WCRP日本委 植松理事長名で「人身取引反対声明」を発表 政府に対し一層の対策求める (動画あり)
世界宗教者平和会議(WCRP/RfP)日本委員会は7月27日、植松誠理事長(日本聖公会主教)名による「人身取引反対声明」を発表した。政府や企業、市民に対し、人身取引の根絶に向けた行動を呼びかけるもの。同日、「人身取引防止タスクフォース」の宍野史生責任者(神道扶桑教管長)をはじめ同運営委員ら6人が、内閣府(東京・千代田区)を訪れ、森本敦司参事官に声明文を手渡した。

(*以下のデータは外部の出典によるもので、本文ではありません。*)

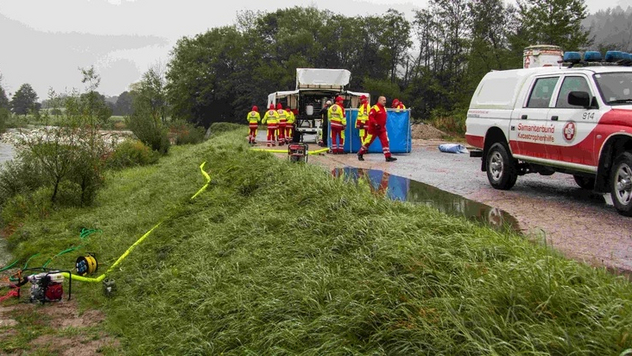 Trinkwasseraufbereitungsanlage entnimmt Wasser auf nahem Bach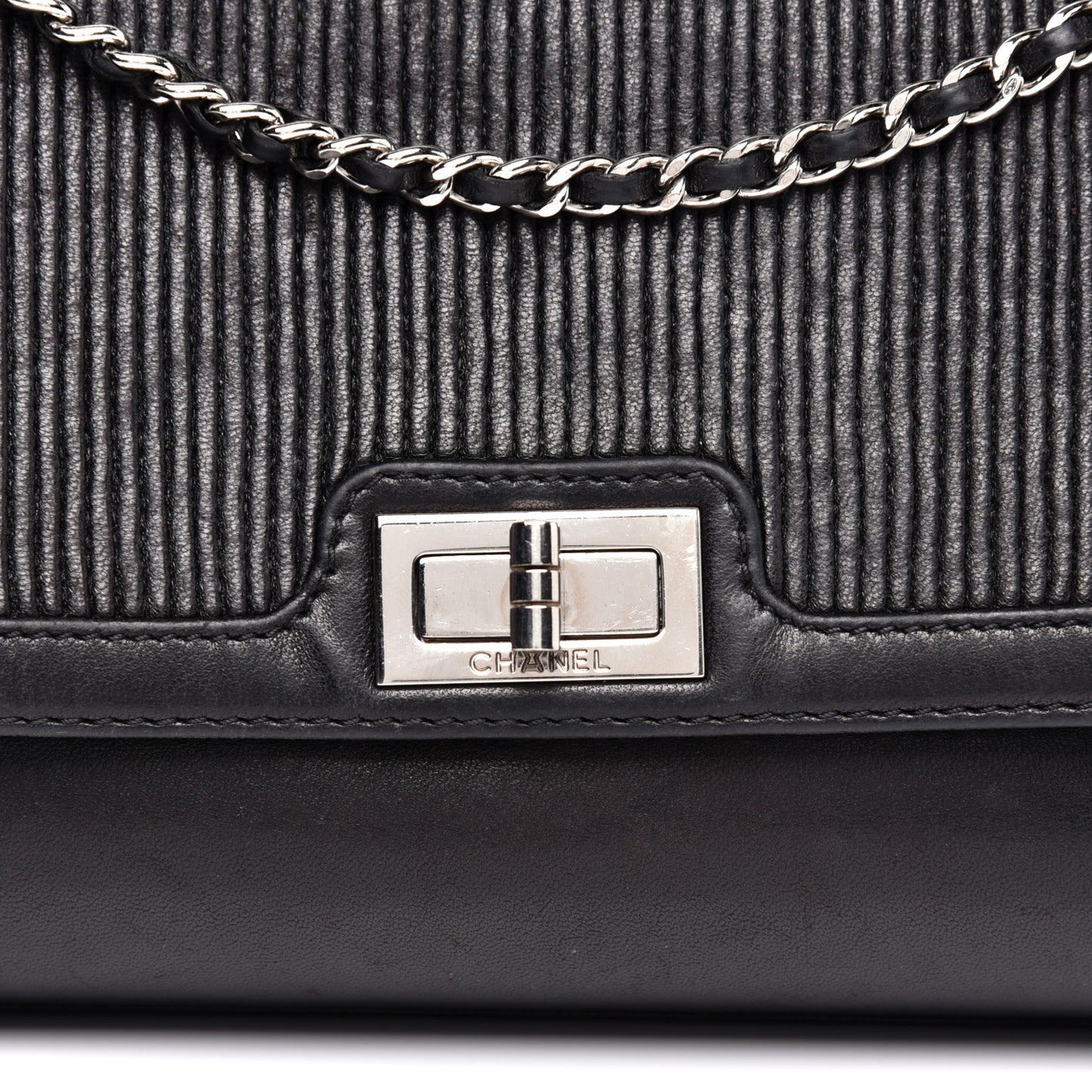 Lambskin Mademoiselle Accordion Flap Black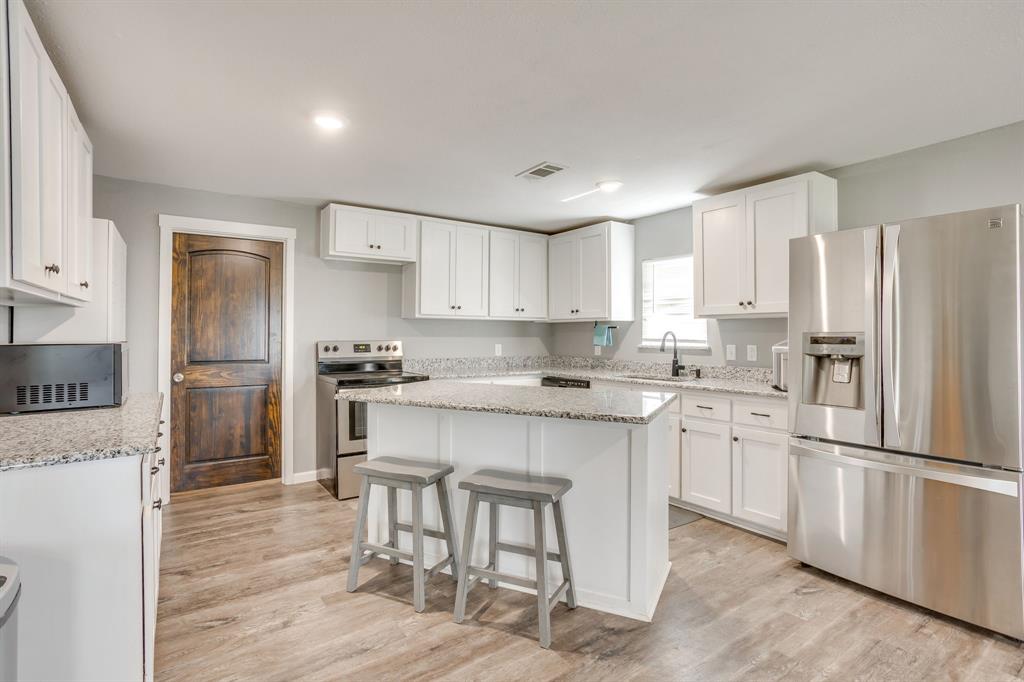 6296 Fm 1195 Property Photo 6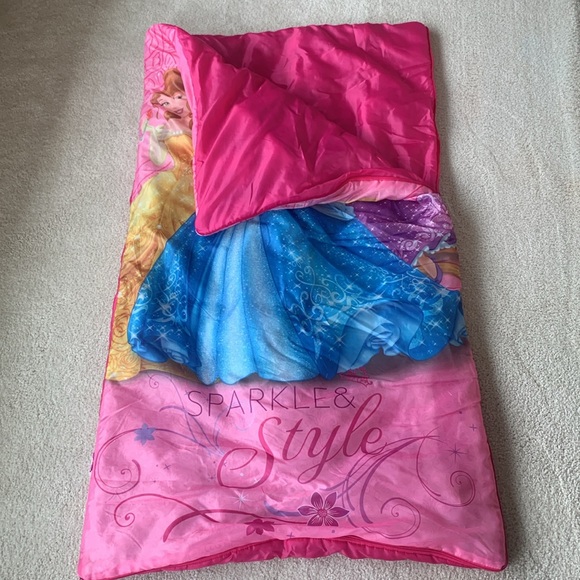 SOLD - Disney Princess Sleeping bag - Picture 2 of 4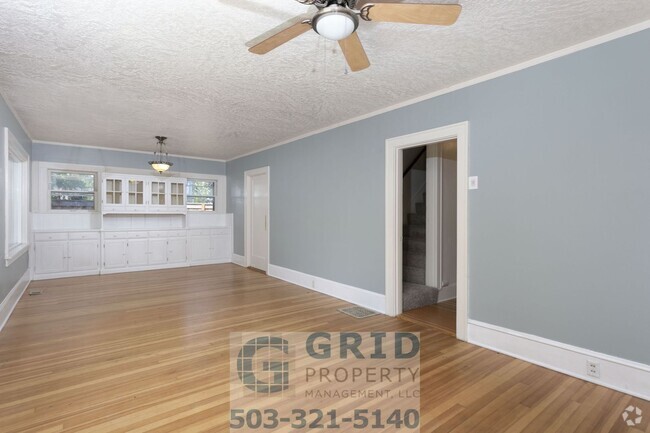 Building Photo - 4+ Bedroom, 2 Bath Craftsman Bungalow Avai... Rental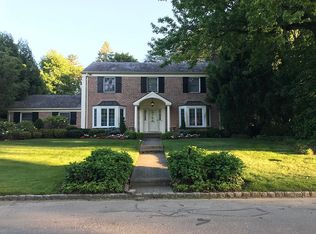 48 Blackburn Ln, Manhasset, NY 11030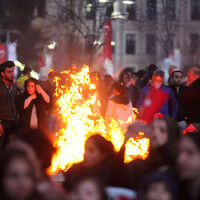 Nevruz kutlamasında demir unutulunca 'yüksek gerilim' levhası dövüldü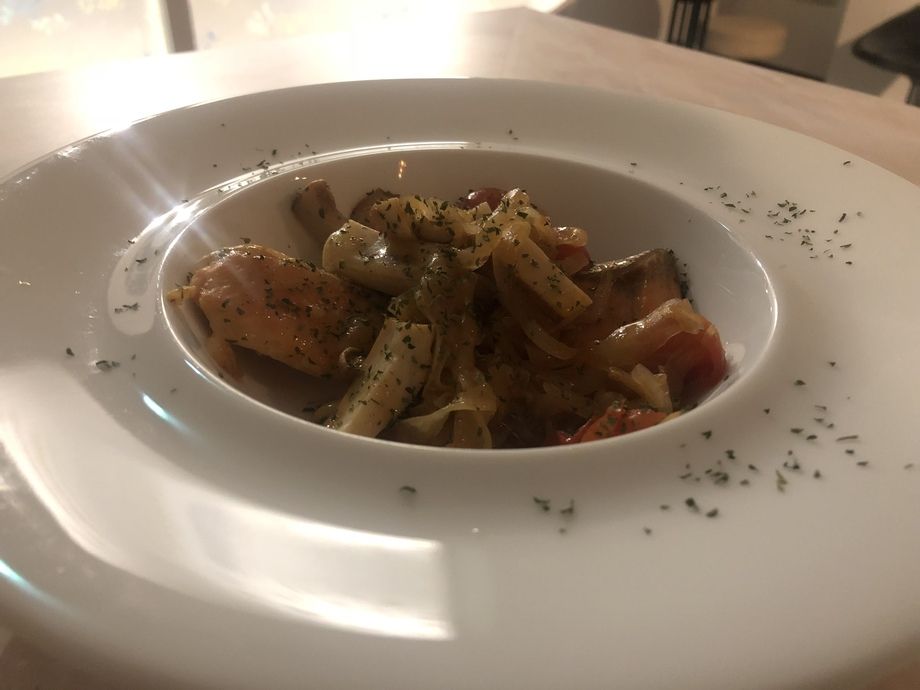 サーモンときのこの白ワイン風味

その後の記者会見で同日本委は、森本参事官から、民間組織とも連携を深め根絶に取り組んでいく考えが示されたことを発表した。
人身取引とは、暴力、脅迫、誘拐、詐欺などの手段を用いて労働を強要する犯罪行為を指す。性的搾取、臓器売買なども含まれ、犠牲者は世界で4000万人を超えるといわれる。国際社会はこの問題に対し、2000年11月に国連で「国際組織犯罪防止条約人身取引議定書」を採択。人身取引を犯罪とすることを締約国に義務付け、その防止を図るもので、日本は17年に締結した。
WCRP/RfP日本委も、この重大な人権侵害をなくしていくため、昨年4月に「人身取引防止タスクフォース」を設置した。運営委員は会合を通じて実態の把握に努めるとともに、今年5月と7月に公開の「スタディーツアー(オンライン)」を開催。日本での外国人技能実習生に対する強制労働や人権侵害、アジアでの性的搾取の実態と、宗教者によるそれぞれの支援活動を伝え、啓発に取り組んできた。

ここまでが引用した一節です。